> From: "james duffy" jtdirl@hotmail.com
> A problem is exists with one IP user who continually tried to add in a > couple of paragraphs to [[Israel]] > ... > I am going to gather my friends for a whole range of contributions if > you keep forcing your POV. don't delete facts. > ... > Any suggestions about deal with this bigot?
Sigh. I have a *very* bad feeling about this - the same kind of bad feeling I had the day Cantor and Siegel sent their first spam, and wouldn't stop when asked to.
As the Wikipedia becomes more and more widely known, you're just going to have a higher and higher probability of including in that group some of the many humans who are losers. And, as the aftermath of Cantor and Siegel proved, that effect gets worse, not better, as the community grows.
I'm not happy about this. I got the same feeling from the Wikipedia that I had in the early days of the Internet, this wonderful group of people who all had a positive attitude. And we all know where that went...
Look, don't get me wrong, I hope I'm misguided here, or being pessimistic, or something. Maybe the Wikipedia community will be able to withstand the losers.
But maybe it won't; and maybe there's a reason the world doesn't have many large, working anarchies - because they don't work.

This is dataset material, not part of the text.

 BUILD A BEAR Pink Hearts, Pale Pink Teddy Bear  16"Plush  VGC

So, much as it saddens me (which is no doubt not a fraction as bad as it saddens those of you who've been around a lot longer), you might have to think about introducing *even more* controls in the Wikipedia than the few you have already - and maybe a fair number of them.
Don't be afraid to add mechanisms to keep the losers under control - because if you don't, they will destroy the good stuff you *are* trying to create.

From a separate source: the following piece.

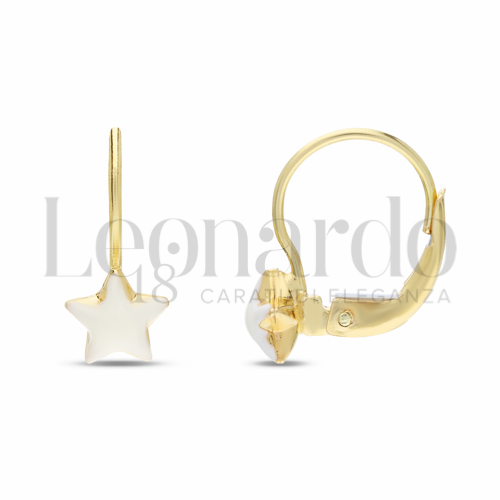 Misura o soggetto Stella con Smalto Bianco in Oro Giallo da 1,6gr.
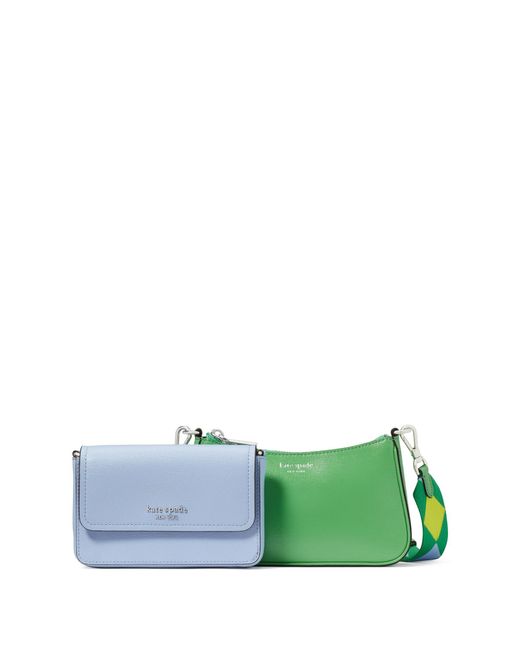 Kate Spade Green Double Up Colorblocked Saffiano Leather Double Up Crossbody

If so, I beg of you to take some lessons from the Internet, where we e.g. tried too long to keep email open - with the results that you're all seeing today in your inboxes. How I wish we'd added more teeth, back when.
Imagine the worst - because it will surely happen. (And realize that some of the people you're dealing with see nothing wrong with deliberately killing kids - against which trashing some electrons is very small beer indeed.)

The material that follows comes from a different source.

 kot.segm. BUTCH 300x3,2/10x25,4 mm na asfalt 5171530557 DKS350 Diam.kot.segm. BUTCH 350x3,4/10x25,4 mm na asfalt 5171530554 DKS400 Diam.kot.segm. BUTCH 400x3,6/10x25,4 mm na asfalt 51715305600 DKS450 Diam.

So, with that background, here are some practical suggestions.
First, some pages (e.g. Israel) will probably just have to permanently be protected. Well, maybe you need some sort of intermediate level of protection; e.g. only editable by someone who a) has an account, b) has it for a month, and c) has made a threshold level of accepted edits. But allowing anyone, even someone who's not logged in, to edit them is just going to turn into a constant edit war.
Now you need to think: how will the vandals respond to that? If I were him, and I were determined to harm the Wikipedia for perceived hostility towards Palestinians (and there's a lot of anger boiling around there), I'd probably start to vandalize random pages.
Blocking IP addresses will work for a while to stop that, but if it doesn't maybe you'll have to disallow all edits from non-logged-in users, and maybe even go to a system were a new user is watched for a while to make sure they aren't a vandal.
But my overall message is "think about the worst case and try and plan for it". Sadly, I expect it will probably come to pass. But if you think about it, and discuss it, way up-front, when you have the time and leisure to do so in a calm and leisurely way, that will be best. Trying to fix it in the heat of the moment will produce VfD-notice-debate^9.
I hope this email didn't depress you all too badly. The Wikipedia is a really cool thing, and I am quite it will succeed in really making an impact. (I wouldn't be working so hard on it if I didn't think so! I'm too ancient to have this much energy without good cause! :-)
But you do need to protect yourselves.